Nelson-Smith Wins In-House Lawyer of the Year, Makes Us Hungry
How do you define the role of the modern in-house lawyer? It's probably some amalgamation of legal counsel, reputation manager, data security watchdog, and consigliore to the board. This person should also, of course, be good at watching the bottom line and reigning in outside counsel costs.
At this year's "The Lawyer" Awards (sponsored by Thomson Reuters, our parent company), the UK publication sought to recognize someone who excelled at the jack-of-all-trades role. Who did they pick for In-House Attorney of the Year? Sarah Nelson-Smith of Yum! Restaurants, the parent company of Kentucky Fried Chicken, Taco Bell, and Pizza Hut.
Congratulations to Nelson-Smith
Last night, Sarah Nelson-Smith took home the top prize for in-house attorneys, beating out fellow in-housers from PayPal UK, Lloyds Banking Group, and elsewhere. The Lawyer recognized Smith for her efficient management of the growing restaurant company's legal department.
The award is especially impressive considering the size of Yum! Restaurants' legal team: Nelson-Smith manages a team of four attorneys locally, and has access to a team of more than a hundred lawyers worldwide.
Congratulations to Sarah Nelson Smith of KFC & Pizza Hut, In-House Lawyer of the Year. #thelawyerawards pic.twitter.com/Y1DW2gox3w-- Legal Solutions (@LegalSolutions) June 25, 2014
Bottom Line is the Bottom Line
In a preview of the awards, the nominees agreed: their focus was on the budget. All agreed that, whenever possible, legal work should be kept in-house. (Outside counsel inflates costs?

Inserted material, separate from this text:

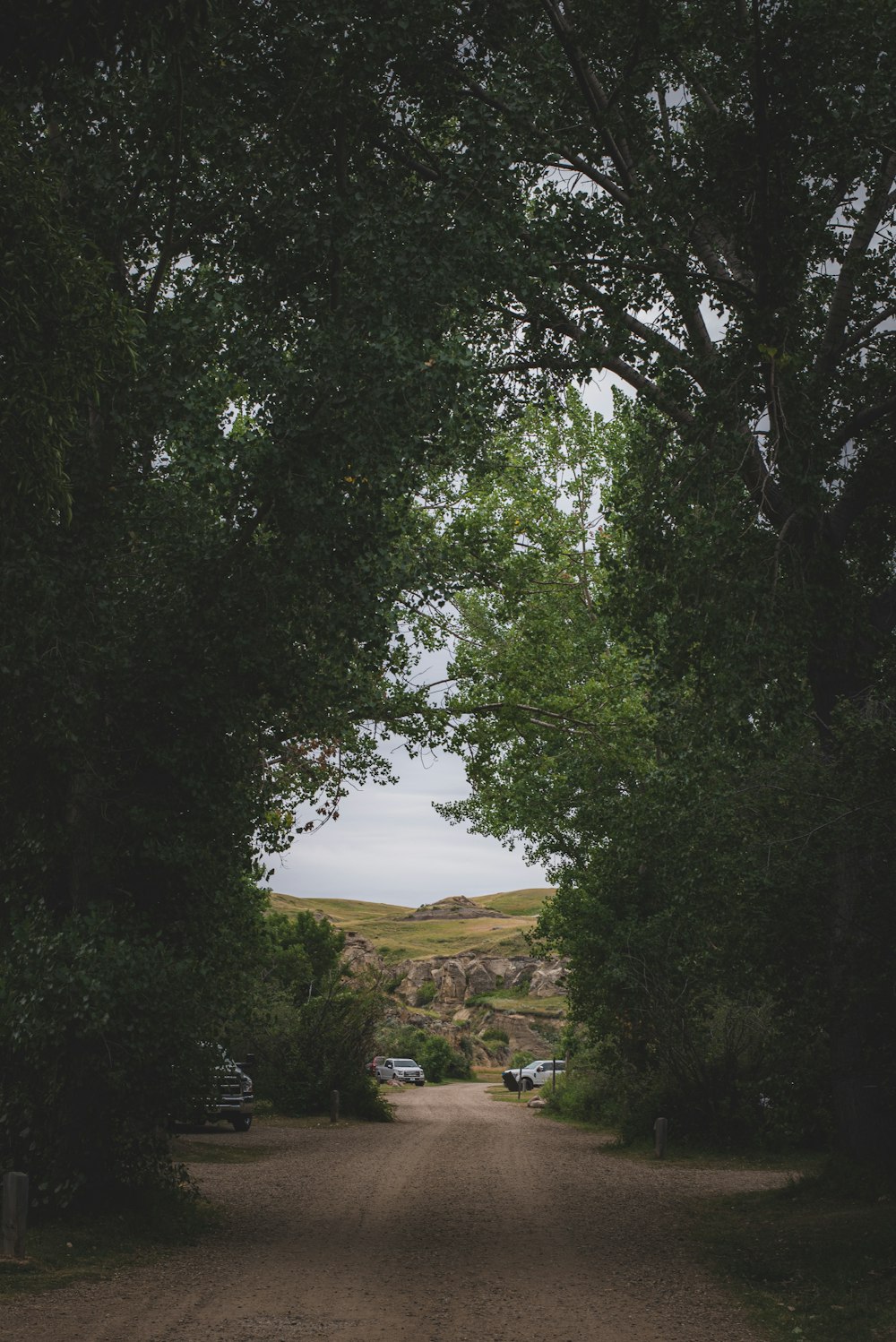 green trees near green grass field during daytime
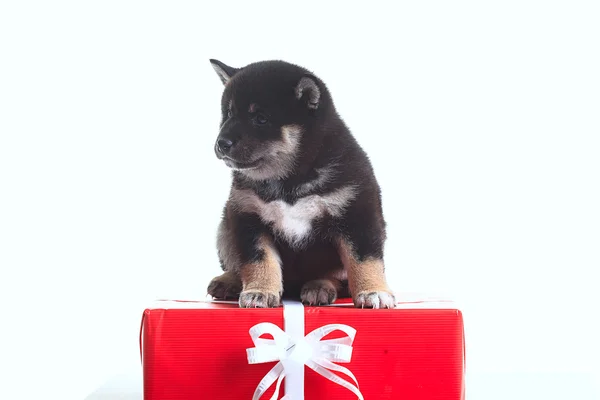 Shiba inu puppy with gift — Stock Photo, Image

Who would've thunk it?)
Minimizing the use of outside counsel has an added bonus besides the bill: firms have to compete for the little work that is outsourced, which means additional savings down the road in the form of fixed or capped fees.
Panelists also noted that they sometimes face opposition from their own boardrooms, which push for more outsourcing, but at the same time, want to reduce legal expenses. In a way, they have to compete with outside counsel and sell themselves to their own company.
There's an added bonus to limiting the use of outside counsel as well: it saves some of the more interesting work for the in house legal department, rather than handing it off to outside counsel.